Democratic gubernatorial candidate Gwen Graham vowed on Tuesday to put an end to what she called “utility taxes” for advanced nuclear power plant costs and to ban utilities from charging customers for natural gas fracking if she is elected.
Graham, a former U.S House member who lives in Tallahassee, also pledged to appoint consumer-friendly commissioners to the Florida Public Service Commission. The PSC regulates investor-owned utilities such as Florida Power & Light Co.
Graham was asked to comment about whether Sen. Jack Latvala, R-Clearwater, the former Senate Budget Committee chairman embroiled in a sexual harassment scandal, should resign. Graham said she would let Latvala, who has also announced his candidacy for governor, deal with his own issues.
“I think it’s very sad what’s going on in Tallahassee. It’s an example of government that has lost focus on what they should be doing,” Graham said.
Graham said her commitment will be to make sure every elected person is serving the people of Florida.
The focus of her appearance Tuesday at the Southwest Focal Point Senior Center in Pembroke Pines was utility regulation, however.
“Floridians should not be forced to pay for nuclear power plants that are never built or for fracking exploration,” Graham told about a dozen supporters. “For 20 years the Republican politicians have turned a blind eye to the Public Service Commission and utility companies as they have taxed seniors, small business owners and families.”
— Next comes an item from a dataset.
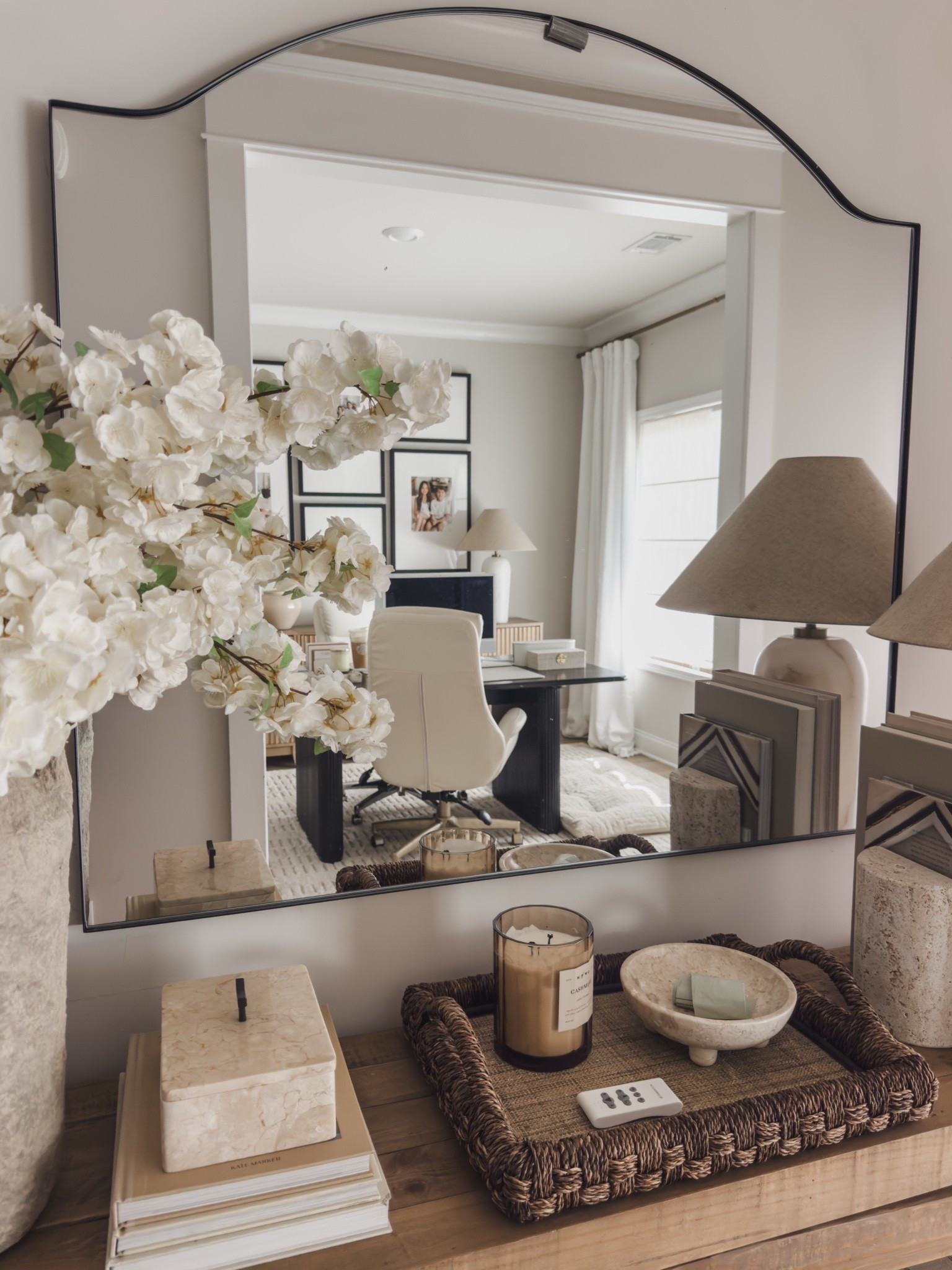 #AD A few of my favorite Wayfair finds are in spaces we use every single day. In my front entryway, the solid wood console table, striped ottomans, and alabaster lamp create a look that feels both welcoming and functional. In my office, I love using a dining table as a desk.. it gives me plenty of room to work, create, and easily accommodate a second workspace when needed. These are the pieces that not only look beautiful, but truly work for our everyday life. #wayfair #wayfair @wayfair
Graham said the law that allows investor-owned utilities to charge advanced fees for nuclear plants before they are built should be repealed. Gov. Jeb Bush signed that measure, SB 888, into law in 2006.
FPL customers have paid about $300 million in pre-construction costs for the proposed Turkey Point 6 and 7 reactors. If built, they would join two existing reactors at the plant south of Miami.
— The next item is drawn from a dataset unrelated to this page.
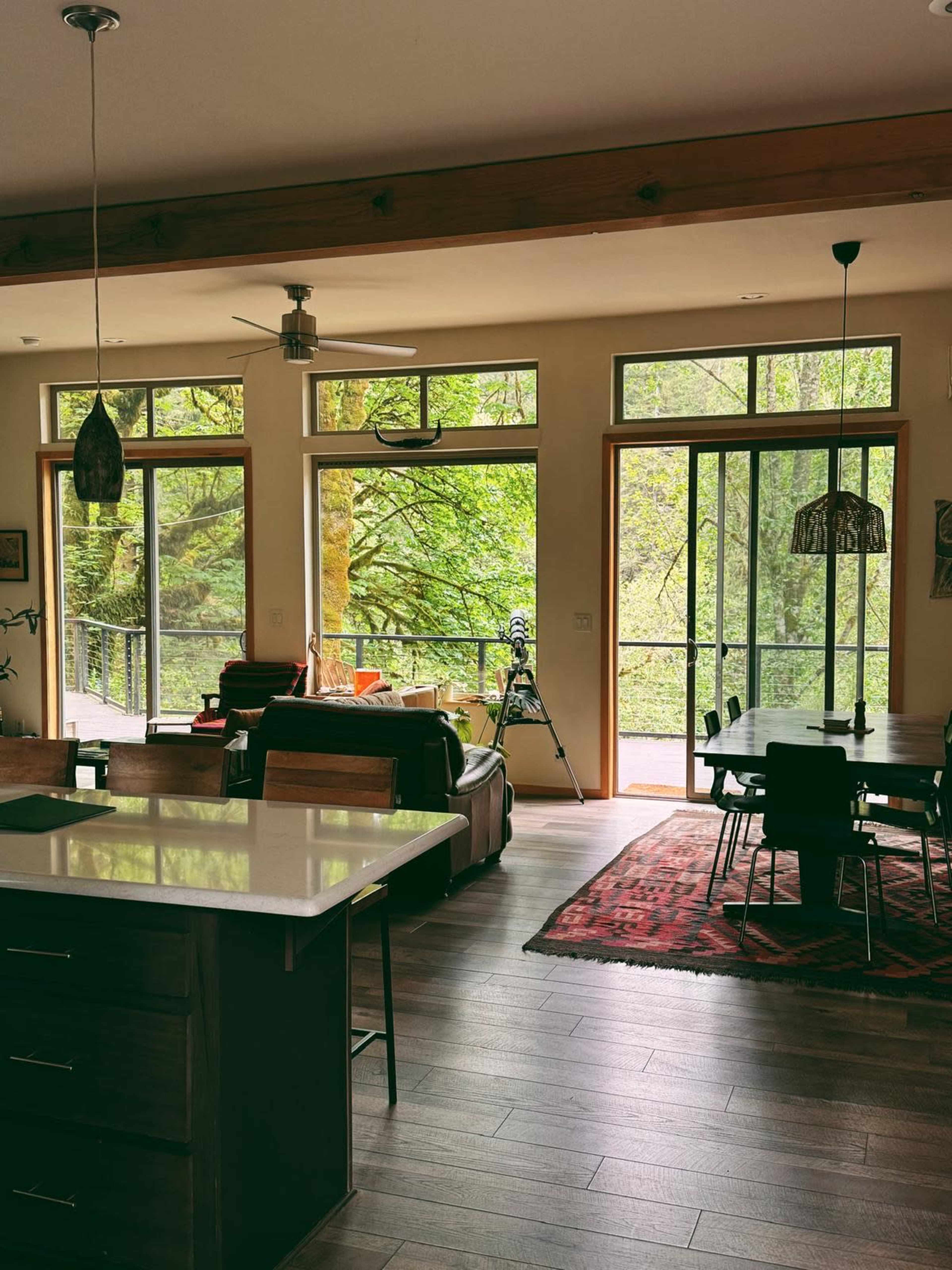 A light-filled River House with private river access and a spacious lawn area. Image in , Washougal, WA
Graham said the nuclear fees total more than $3 billion, including what Duke Energy Florida customers have paid for upgrades to the now-shuttered Crystal River nuclear plant and for pre-construction costs for a now canceled nuclear plant in Levy County.
Customers pay the fees on their utility bills. Graham called the fees a tax because they reduce families’ budgets and hurt small businesses.
“It’s a tax that hits older Floridians the hardest,” Graham said.
“Can you imagine if a con man charged your parents for grandparents for a house that was never built? You would be outraged. In this case, you can’t sue because the politicians are the con men in Tallahassee,” Graham said.
Graham blasted Gov. Rick Scott and other Republicans in Tallahassee for appointing PSC commissioners who favor the utilities.
“Rick Scott has appointed unqualified, industry-friendly sell-outs to the public service commission to rubber-stamp these new taxes,” Graham said.
“Speaker Richard Corcoran has great control over the PSC Nominating Council, which has refused to consider consumer advocates for the commission under his tenure,” Graham said.
Graham said Agriculture Commissioner Adam Putnam, a Republican who is also running for governor, approved the new reactors for Turkey Point. The approval of the governor and Cabinet is required for all new power plants.
As an example of the PSC’s favoring utilities, Graham said that in 2015 the commission sided with FPL against the advice of its staff and consumer advocates and voted to allow the utility to charge customers as much as $500 million a year for unregulated natural gas fracking projects in Oklahoma.
In May 2016 in a win for FPL customers, the Florida Supreme Court reversed a PSC decision allowing FPL to charge ratepayers for a fracking venture in Oklahoma.
Graham said she wants a statutory ban to prevent utilities from charging customers for fracking ventures.